(Description of the task) Find the line with "Dragbil MERCEDES-BENZ Actros 1845" in the entries below. Repeat it, every following line, and the line with "Reparatii acoperisuri montaj", exactly and with nothing added.

(Material for this exercise)
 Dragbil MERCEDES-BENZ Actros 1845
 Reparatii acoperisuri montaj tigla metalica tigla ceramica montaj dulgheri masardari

...

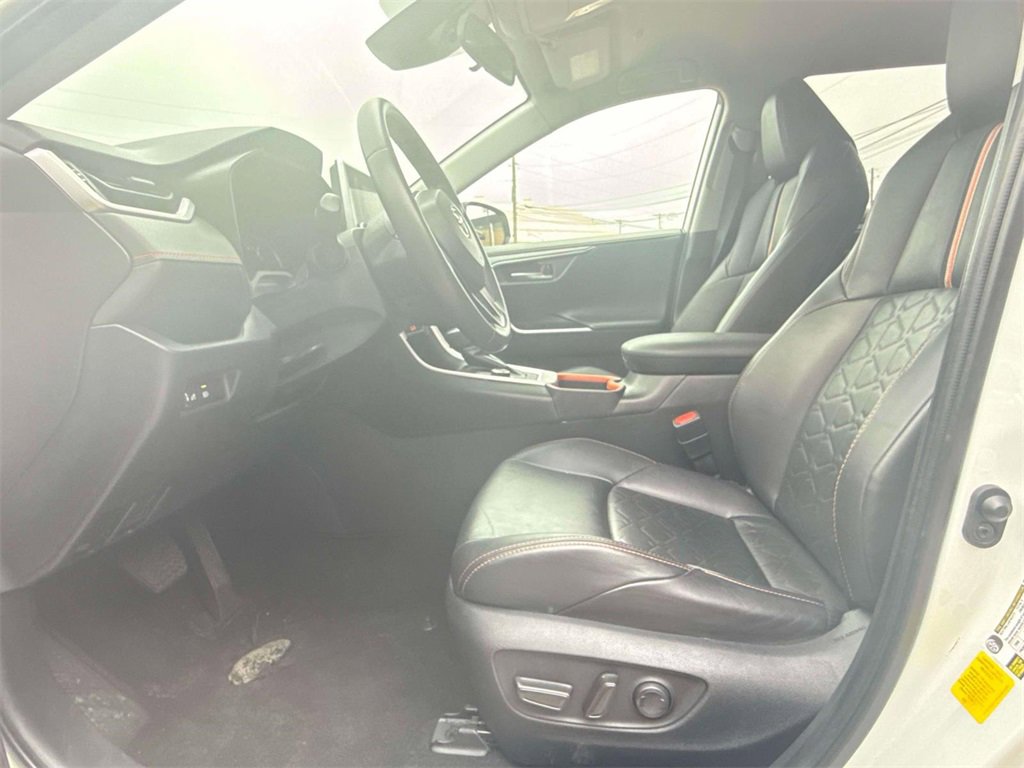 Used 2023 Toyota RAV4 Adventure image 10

(Your solution)
 Dragbil MERCEDES-BENZ Actros 1845
 Reparatii acoperisuri montaj tigla metalica tigla ceramica montaj dulgheri masardari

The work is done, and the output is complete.